Fields also claims he was entitled to a severance during trial. He says he was prejudiced when Lumpkin’s counsel questioned a witness about a threat allegedly implicating Fields. This argument fails because it does not fit any of the categories we have held are sufficient to justify severance during trial, see Catlett, 545 A.2d at 1210, and we perceive insufficient prejudice on this record to justify creation of a new category.

B.

After investigation, police obtained a search warrant for the house in which Lumpkin was believed to live. They conducted a search that revealed, among other things, two .357 magnum shell casings and a half full box of .357 magnum ammunition. The house was Fields’ residence.8 Fields moved to suppress the shell casings and ammunition on the ground that the search warrant did not specifically mention *709his name and that the police did not have probable cause relating specifically to him.

The court did not err in denying the motion to suppress. Fields’ suggestions that the warrant was insufficient because it did not specifically name him and, in any event, because the government lacked probable cause are frivolous. The warrant was not facially defective with respect to the residence or the items for which the police were searching, see United States v. Leon, 468 U.S. 897, 914, 923, 104 S.Ct. 3405, 3416, 3421, 82 L.Ed.2d 677 (1984); there was no allegation of improper police conduct, see, id. at 914, 923, 104 S.Ct. at 3416, 3421; United States v. Edelen, 529 A.2d 774, 785 (D.C.1987); and the affidavit in support of the warrant more than showed probable cause.

C.

Finally, Fields contends the trial court erred in admitting in evidence taped conversations between Fields and Lorenzo Logan, a friend and the person who drove Fields and Austin to the first meeting with the officers.9 The trial court ruled Fields' statements were admissions against interest and that their probative value outweighed any prejudicial impact. The trial court did not abuse its discretion in allowing the tape in evidence because it tended to show Fields’ consciousness of guilt, see Byrd v.

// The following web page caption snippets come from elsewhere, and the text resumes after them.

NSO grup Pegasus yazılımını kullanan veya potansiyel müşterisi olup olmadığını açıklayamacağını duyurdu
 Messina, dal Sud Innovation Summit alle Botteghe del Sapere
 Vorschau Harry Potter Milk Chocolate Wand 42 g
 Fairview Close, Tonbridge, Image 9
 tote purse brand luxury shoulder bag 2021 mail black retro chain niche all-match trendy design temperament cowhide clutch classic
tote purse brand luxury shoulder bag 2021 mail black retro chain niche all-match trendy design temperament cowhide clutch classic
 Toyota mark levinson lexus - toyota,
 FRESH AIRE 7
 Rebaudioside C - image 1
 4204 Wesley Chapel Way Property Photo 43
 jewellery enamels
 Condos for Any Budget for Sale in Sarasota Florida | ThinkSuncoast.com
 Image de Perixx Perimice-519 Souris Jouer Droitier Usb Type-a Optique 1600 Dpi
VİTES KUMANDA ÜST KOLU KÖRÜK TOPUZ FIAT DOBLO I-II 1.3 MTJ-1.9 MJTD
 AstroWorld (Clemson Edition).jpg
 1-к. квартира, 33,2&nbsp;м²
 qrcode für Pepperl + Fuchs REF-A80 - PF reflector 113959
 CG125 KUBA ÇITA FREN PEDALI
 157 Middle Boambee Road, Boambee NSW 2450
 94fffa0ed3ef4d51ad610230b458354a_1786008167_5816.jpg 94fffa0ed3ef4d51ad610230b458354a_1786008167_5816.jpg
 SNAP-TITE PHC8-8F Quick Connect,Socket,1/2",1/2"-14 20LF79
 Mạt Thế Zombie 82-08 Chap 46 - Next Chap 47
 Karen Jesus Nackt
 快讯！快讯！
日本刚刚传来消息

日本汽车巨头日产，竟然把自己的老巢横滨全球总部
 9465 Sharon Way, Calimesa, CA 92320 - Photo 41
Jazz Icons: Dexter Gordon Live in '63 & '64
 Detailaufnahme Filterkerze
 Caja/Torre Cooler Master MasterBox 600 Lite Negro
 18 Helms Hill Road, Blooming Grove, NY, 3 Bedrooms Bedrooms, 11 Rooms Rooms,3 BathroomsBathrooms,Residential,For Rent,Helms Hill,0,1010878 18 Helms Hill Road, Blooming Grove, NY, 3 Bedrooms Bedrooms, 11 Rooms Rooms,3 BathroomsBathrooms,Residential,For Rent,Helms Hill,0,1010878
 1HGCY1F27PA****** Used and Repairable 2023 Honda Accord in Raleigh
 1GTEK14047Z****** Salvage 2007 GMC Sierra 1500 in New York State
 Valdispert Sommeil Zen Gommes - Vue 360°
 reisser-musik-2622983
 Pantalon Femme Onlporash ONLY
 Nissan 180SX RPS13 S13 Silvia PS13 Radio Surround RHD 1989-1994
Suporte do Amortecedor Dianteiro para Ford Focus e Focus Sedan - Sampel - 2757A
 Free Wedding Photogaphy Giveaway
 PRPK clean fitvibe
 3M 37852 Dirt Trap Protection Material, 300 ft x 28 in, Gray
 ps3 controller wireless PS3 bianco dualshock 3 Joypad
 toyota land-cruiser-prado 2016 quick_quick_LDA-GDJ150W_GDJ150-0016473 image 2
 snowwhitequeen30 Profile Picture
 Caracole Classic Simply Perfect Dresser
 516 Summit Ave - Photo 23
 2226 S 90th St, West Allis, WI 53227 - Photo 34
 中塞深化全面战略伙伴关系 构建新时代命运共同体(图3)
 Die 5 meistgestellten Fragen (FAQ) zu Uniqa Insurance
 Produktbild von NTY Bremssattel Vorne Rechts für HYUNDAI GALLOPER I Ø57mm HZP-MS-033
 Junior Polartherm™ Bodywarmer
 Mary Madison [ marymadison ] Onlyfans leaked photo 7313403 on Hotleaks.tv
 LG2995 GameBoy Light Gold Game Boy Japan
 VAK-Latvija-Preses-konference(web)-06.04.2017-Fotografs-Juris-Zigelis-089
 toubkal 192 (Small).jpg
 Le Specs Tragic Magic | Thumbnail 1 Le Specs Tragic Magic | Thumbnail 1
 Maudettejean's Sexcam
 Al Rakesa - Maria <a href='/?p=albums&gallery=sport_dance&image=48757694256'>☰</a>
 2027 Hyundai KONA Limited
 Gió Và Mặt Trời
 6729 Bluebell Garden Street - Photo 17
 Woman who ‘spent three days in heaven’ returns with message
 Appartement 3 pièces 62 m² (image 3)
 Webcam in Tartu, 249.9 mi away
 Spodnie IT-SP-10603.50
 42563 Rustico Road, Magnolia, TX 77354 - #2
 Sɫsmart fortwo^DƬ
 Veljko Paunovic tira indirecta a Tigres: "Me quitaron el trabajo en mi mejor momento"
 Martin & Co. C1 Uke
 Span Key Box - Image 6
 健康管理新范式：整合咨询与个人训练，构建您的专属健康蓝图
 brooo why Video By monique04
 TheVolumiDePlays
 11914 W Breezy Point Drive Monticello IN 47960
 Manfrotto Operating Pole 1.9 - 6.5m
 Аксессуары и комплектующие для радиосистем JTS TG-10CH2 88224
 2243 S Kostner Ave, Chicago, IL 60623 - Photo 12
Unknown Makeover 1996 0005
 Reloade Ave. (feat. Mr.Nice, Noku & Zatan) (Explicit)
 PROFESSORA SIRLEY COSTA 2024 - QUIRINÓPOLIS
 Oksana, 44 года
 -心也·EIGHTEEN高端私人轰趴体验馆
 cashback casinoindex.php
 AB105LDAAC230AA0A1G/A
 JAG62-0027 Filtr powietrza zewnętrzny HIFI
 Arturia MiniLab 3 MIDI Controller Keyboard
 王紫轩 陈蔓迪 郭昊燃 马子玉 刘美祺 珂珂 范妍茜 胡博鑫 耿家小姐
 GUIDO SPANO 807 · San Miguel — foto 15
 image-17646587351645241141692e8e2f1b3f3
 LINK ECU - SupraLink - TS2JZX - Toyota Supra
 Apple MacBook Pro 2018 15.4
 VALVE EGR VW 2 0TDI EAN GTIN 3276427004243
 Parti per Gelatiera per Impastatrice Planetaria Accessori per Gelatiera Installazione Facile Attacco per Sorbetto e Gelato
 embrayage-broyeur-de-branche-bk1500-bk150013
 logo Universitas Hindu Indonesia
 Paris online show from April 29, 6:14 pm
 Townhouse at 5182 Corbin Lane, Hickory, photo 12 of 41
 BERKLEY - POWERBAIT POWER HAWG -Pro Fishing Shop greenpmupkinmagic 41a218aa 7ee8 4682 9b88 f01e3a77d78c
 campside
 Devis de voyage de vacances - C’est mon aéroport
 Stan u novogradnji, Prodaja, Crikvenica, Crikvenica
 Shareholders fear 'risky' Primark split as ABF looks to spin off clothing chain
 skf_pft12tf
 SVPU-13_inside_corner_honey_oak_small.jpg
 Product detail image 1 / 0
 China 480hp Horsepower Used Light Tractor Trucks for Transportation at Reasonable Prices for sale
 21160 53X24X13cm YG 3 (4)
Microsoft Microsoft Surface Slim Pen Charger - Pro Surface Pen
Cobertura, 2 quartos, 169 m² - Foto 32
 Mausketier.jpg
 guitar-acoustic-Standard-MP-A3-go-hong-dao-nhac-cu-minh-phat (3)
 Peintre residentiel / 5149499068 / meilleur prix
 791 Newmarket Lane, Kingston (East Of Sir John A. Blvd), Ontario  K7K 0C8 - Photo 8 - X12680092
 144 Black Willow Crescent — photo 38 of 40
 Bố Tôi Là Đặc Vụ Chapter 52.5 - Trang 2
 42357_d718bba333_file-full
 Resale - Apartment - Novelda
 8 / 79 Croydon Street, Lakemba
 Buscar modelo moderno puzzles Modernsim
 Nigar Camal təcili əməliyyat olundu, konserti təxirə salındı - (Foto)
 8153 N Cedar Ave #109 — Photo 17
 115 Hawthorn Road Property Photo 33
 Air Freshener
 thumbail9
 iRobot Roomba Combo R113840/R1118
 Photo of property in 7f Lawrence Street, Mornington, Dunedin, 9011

United States, 502 A.2d 451, 452 (D.C.1985), and the court did not err in assessing its net probative value, see Smith v. United States, 312 A.2d 781, 785 (D.C.1973).

VI.

Austin maintains that his convictions for assault with a dangerous weapon upon Officers Awkard and Pumphrey merge with his convictions for assault upon the same officers with intent to commit robbery while armed. See Leftwitch v. United States, 460 A.2d 993, 996-97 (D.C.1983). Lumpkin makes the same contention as to his convictions for assaulting Officer Awk-ard. Lumpkin also contends that his conviction for assault upon Officer Pumphrey with intent to kill while armed merges with his conviction for assault upon Pumphrey with intent to commit robbery while armed.

The government acknowledges that these merger issues are complex. Furthermore, because the sentences were concurrent, the government — on the assumption (without agreeing) that appellants’ merger arguments are correct — does not object to vacating these convictions of Lumpkin and Austin. We find no reason to reject these concessions and, accordingly, order the trial court to vacate Lumpkin’s convictions for assault with a dangerous weapon upon Awkard and for assault upon Pumphrey with intent to commit robbery while armed. We also order vacation of Austin’s convictions for assault with a dangerous weapon upon Awkard and Pumphrey.

VII.

Accordingly, we conclude that the judgments on appeal must be affirmed, except for (1) Lumpkin’s convictions for assault with a dangerous weapon upon Awkard and for assault upon Pumphrey with intent to commit robbery while armed, and (2) Austin’s convictions for assault with a dangerous weapon upon Awkard and Pum-phrey. The ease is remanded for vacation of these convictions.

So ordered.

. There was some testimony from which a juror could infer that Fields had driven the car that took Austin and Lumpkin to the gas station. Moreover, Fields’ shirt was found near the shooting scene. There was, however, evidence that Austin used Fields’ shirt under his own shirt to give the appearance he had PCP to sell.

. Counsel for Austin acknowledged at oral argument that the trial court did not err in sending the jury back to deliberate without a cautionary instruction after the first poll. See Artis v. United States, 505 A.2d 52, 58 (D.C.), cert. denied, 479 U.S. 964, 107 S.Ct. 464, 93 L.Ed.2d 409 (1986).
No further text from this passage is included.